NJ Transit rail station

Westfield station is an active commuter railroad station in the town of Westfield, Union County, New Jersey. One of a few stations with two standing railroad depots, Westfield has the eastbound platform on South Avenue (County Route 610) at Summit Avenue and the westbound platform on North Avenue (State Route 28) at Elm Street. Trains at Westfield station run between High Bridge and Newark Penn Station on a regular basis, with limited trains going to New York Penn Station. Westfield station contains two high-level side platforms for train service along with two station depots built by the Central Railroad of New Jersey, connected via a passenger tunnel.

Railroad service in Westfield began on January 1, 1839 with the opening of the Elizabethtown and Somerville Railroad between Elizabethport and Plainfield.

==Station layout==
The station has two high-level side platforms serving two tracks. The inbound platform is 623 ft long while the outbound platform is 624 ft long; both can accommodate seven cars.

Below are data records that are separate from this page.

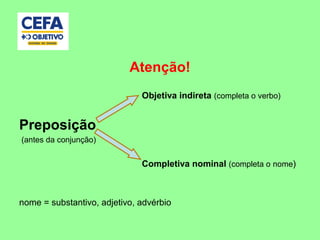 Atenção!
Objetiva indireta (completa o verbo)
Preposição
(antes da conjunção)
Completiva nominal (completa o nome)
nome = substantivo, adjetivo, advérbio
 
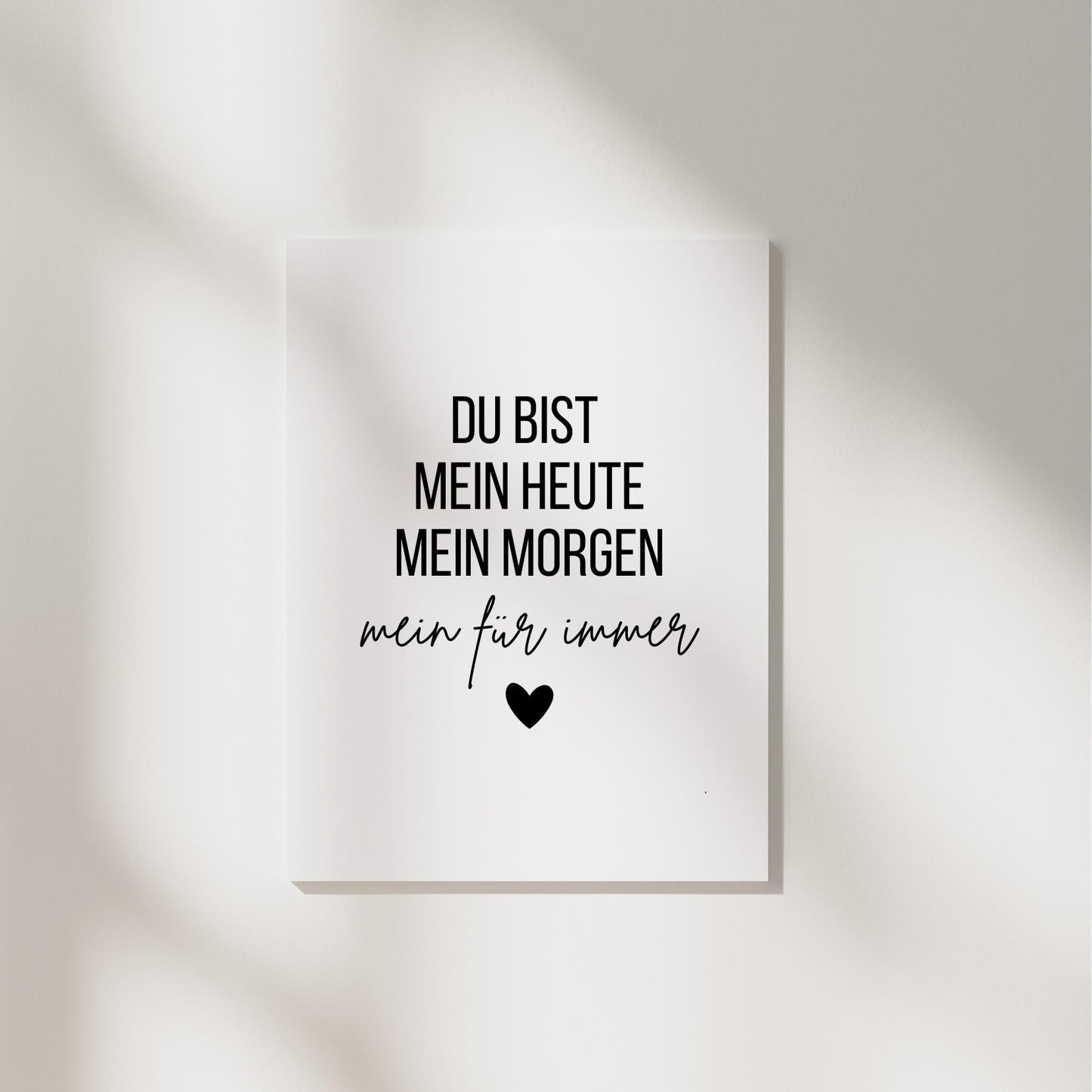 Postkarte "Du bist mein Heute, mein Morgen, mein Für immer“
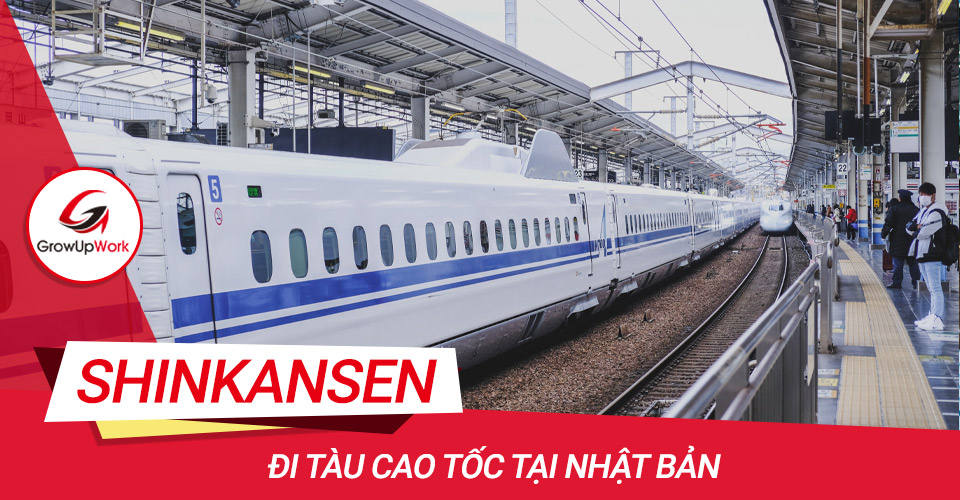 Shinkansen - Đi tàu cao tốc tại Nhật Bản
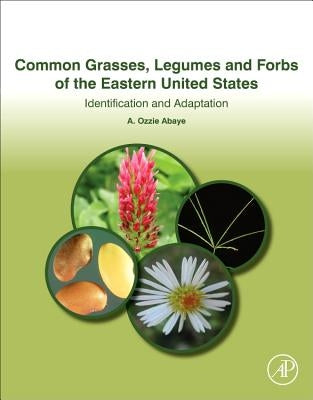 Common Grasses, Legumes and Forbs of the Eastern United States: Identification and Adaptation by Abaye, A. Ozzie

The station consists of two buildings: the main building on the north (westbound platform) side of the track houses a non-profit group, the south (eastbound platform) side of the tracks houses the ticket office and waiting area and the platform has two ticket vending machines. The present north building was built in 1892, while the present south building was built in 1912 by the Central Railroad of New Jersey. An access tunnel connects the two platforms and, like Cranford, there are historic photographs of Westfield displayed in the tunnel.